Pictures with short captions
****
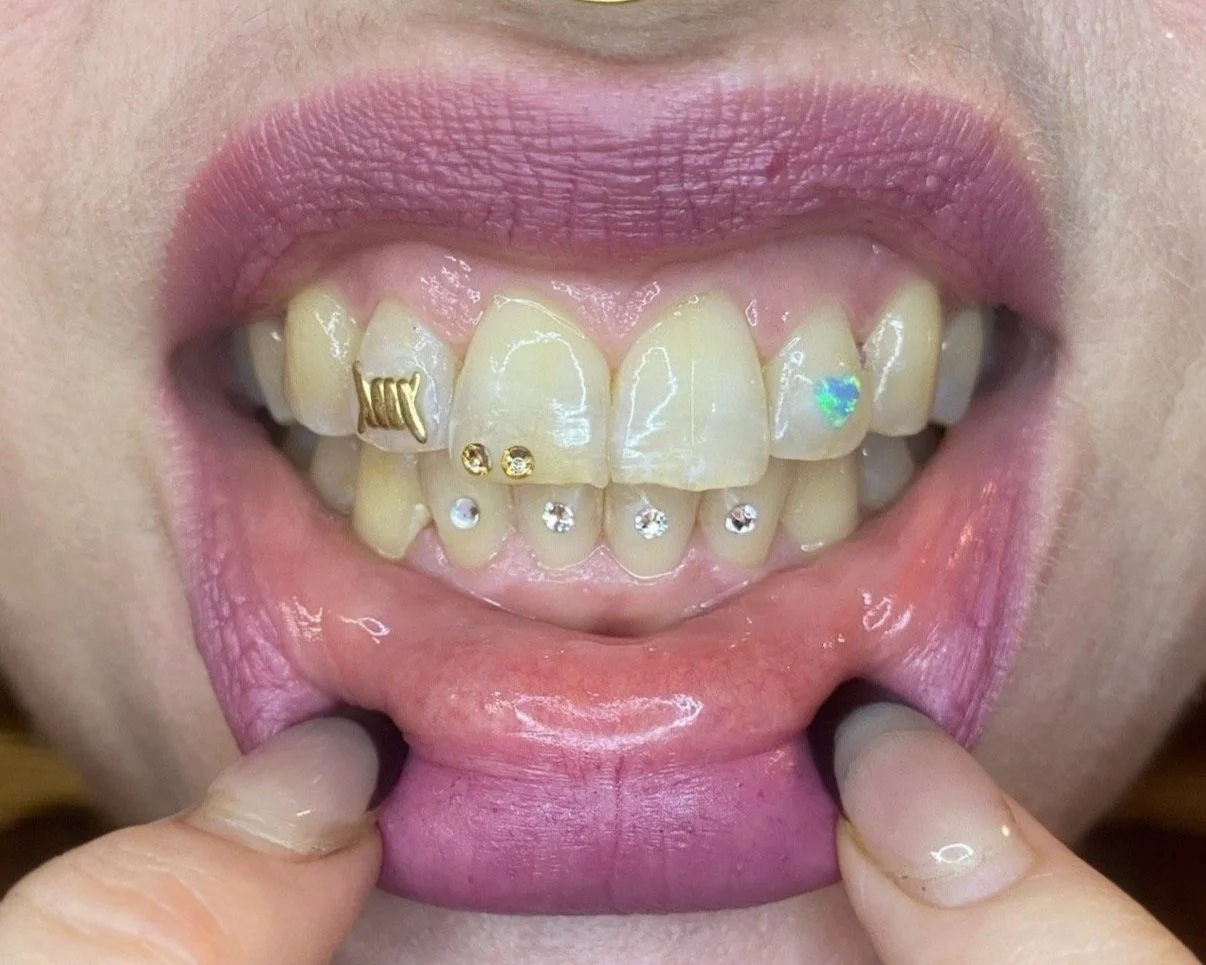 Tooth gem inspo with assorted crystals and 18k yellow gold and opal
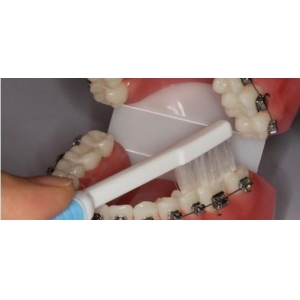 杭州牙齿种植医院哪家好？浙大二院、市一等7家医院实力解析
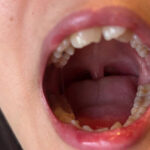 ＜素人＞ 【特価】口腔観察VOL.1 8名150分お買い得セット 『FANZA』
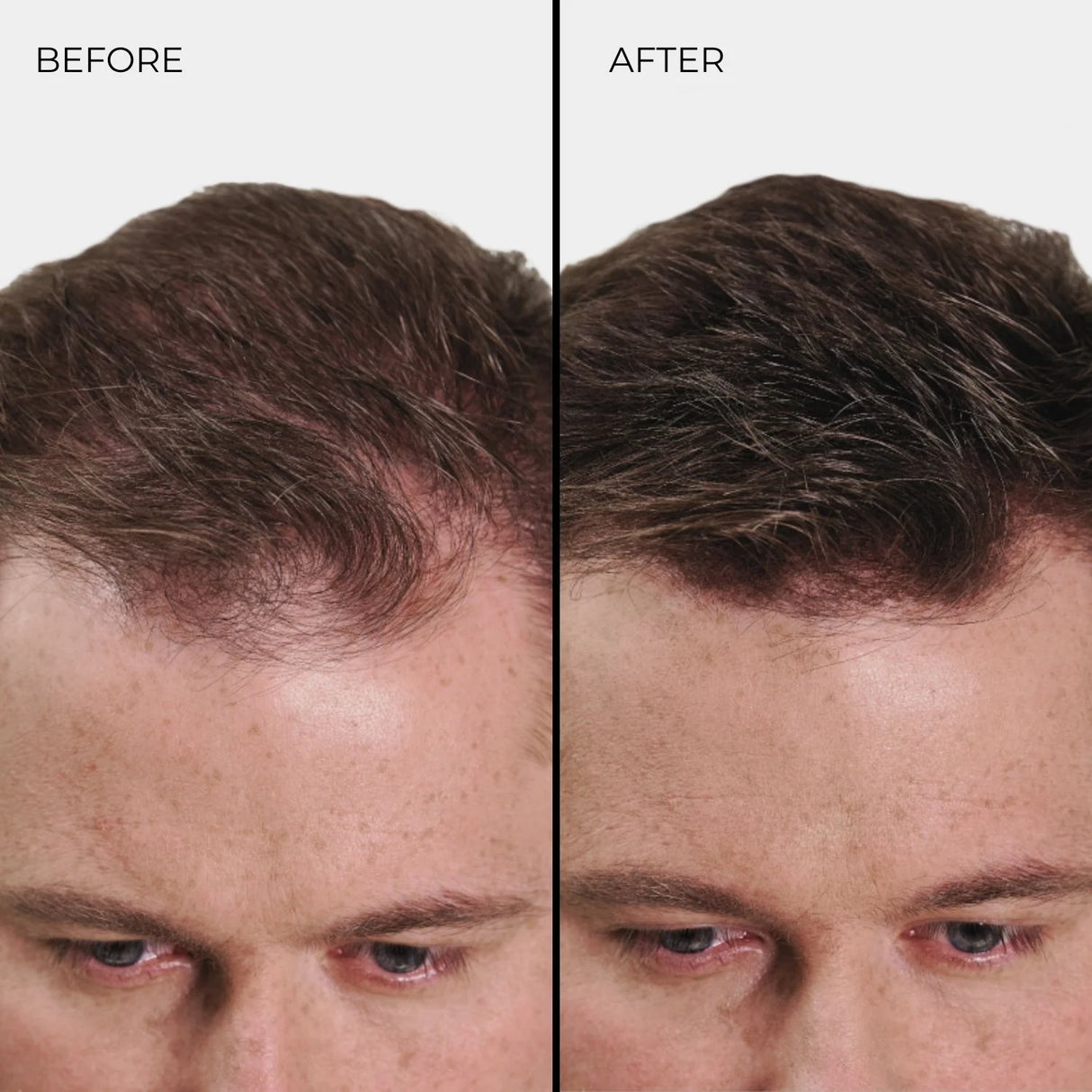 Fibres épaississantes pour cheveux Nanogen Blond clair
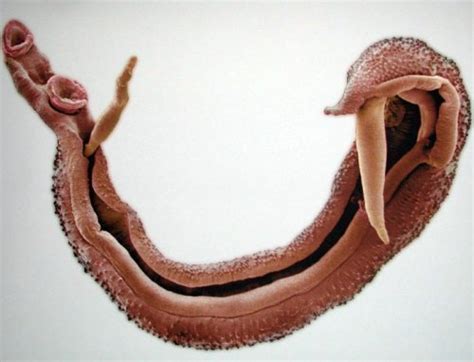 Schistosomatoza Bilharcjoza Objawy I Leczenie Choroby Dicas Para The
****
* **What you have to do**:
Only the lines from the one containing "Fibres épaississantes pour" through the last line of the data belong in the copy, both included and reproduced exactly. Pictures do not.

* **Response to the exercise**:
 Fibres épaississantes pour cheveux Nanogen Blond clair
 Schistosomatoza Bilharcjoza Objawy I Leczenie Choroby Dicas Para The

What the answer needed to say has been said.